Justice afirmó: “El último mensaje que escribió fue: ‘Nos tiene acorralados, está aquí adentro con nosotros’. Esa fue la última comunicación”.
Decenas de vehículos policiales, entre ellos camionetas de equipos SWAT, acudieron con urgencia al lugar. Por lo menos dos camionetas de la policía se estaban llevando lo que parecían ser víctimas fatales del suceso al Orlando Regional Medical Center.
La discoteca, Pulse Orlando, publicó poco después de las 2 de la madrugada una nota en su página diciendo: “Salgan de Pulse y corran”. Justo antes de las 6 realizó otra publicación en la que decía: “Tan pronto como tengamos información se las vamos a hacer llegar. Por favor, mantengan a todos en sus oraciones mientras trabajamos en este trágico suceso. Gracias por sus pensamientos y su amor”.
La policía dijo que las autoridades locales, estatales y federales están investigando el incidente.
En la investigación sobre lo sucedido participan agencias locales, estatales y federales, dijo la policía.
El incidente ocurrió después de la muerte el sábado de una cantante de 22 años, Christina Grimmie, que fue baleada tras un concierto en Orlando por un hombre de 27 años de edad de Florida que más tarde se suicidó. Grimmie era una estrella en YouTube y había participado en el programa de televisión “The Voice”.
Jon Alamo dijo que estaba en la parte de atrás de una de las salas del club nocturno cuando un hombre con un arma entró en la parte de delante.
“Escuché 20, 40, 50 tiros”, dijo Alamo. “La música se detuvo”.

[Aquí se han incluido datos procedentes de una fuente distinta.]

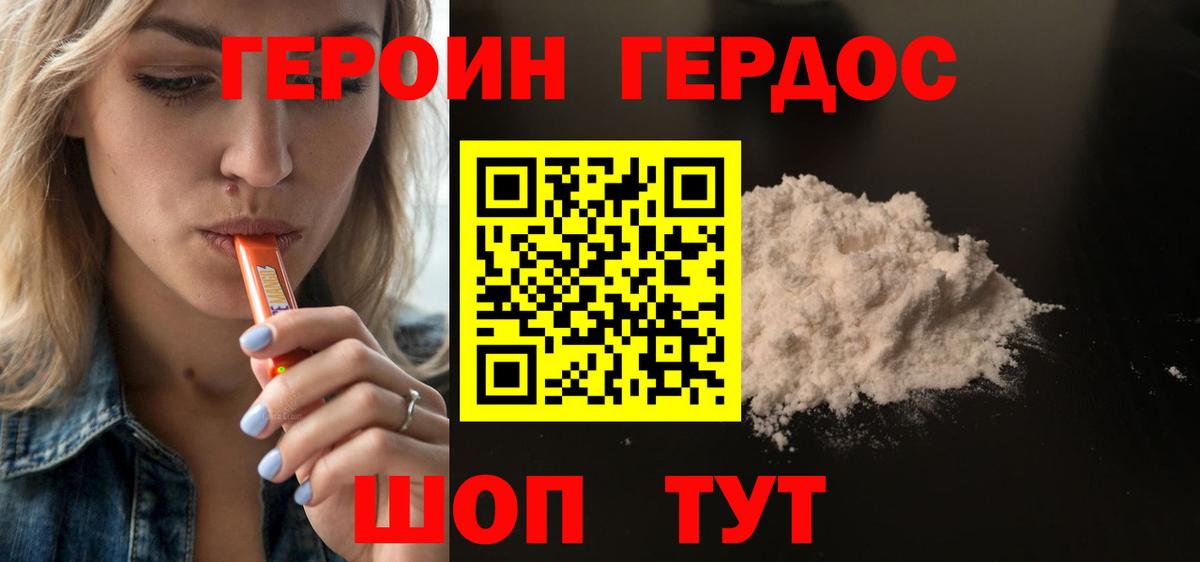 Героин Афган Тайшет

Otro de los presentes en la discoteca, Rob Rick, dijo que el incidente tuvo lugar alrededor de las 2 de la madrugada, poco antes de la hora de cierre.
Se cree en el interior del club había más de 100 personas cuando se escucharon los disparos. Los presentes se agacharon y se arrastraron hacia la cabina de un DJ. Derribaron una separación entre la zona de discoteca y un área reservada a trabajadores y la gente pudo escapar por la parte de atrás de la sala.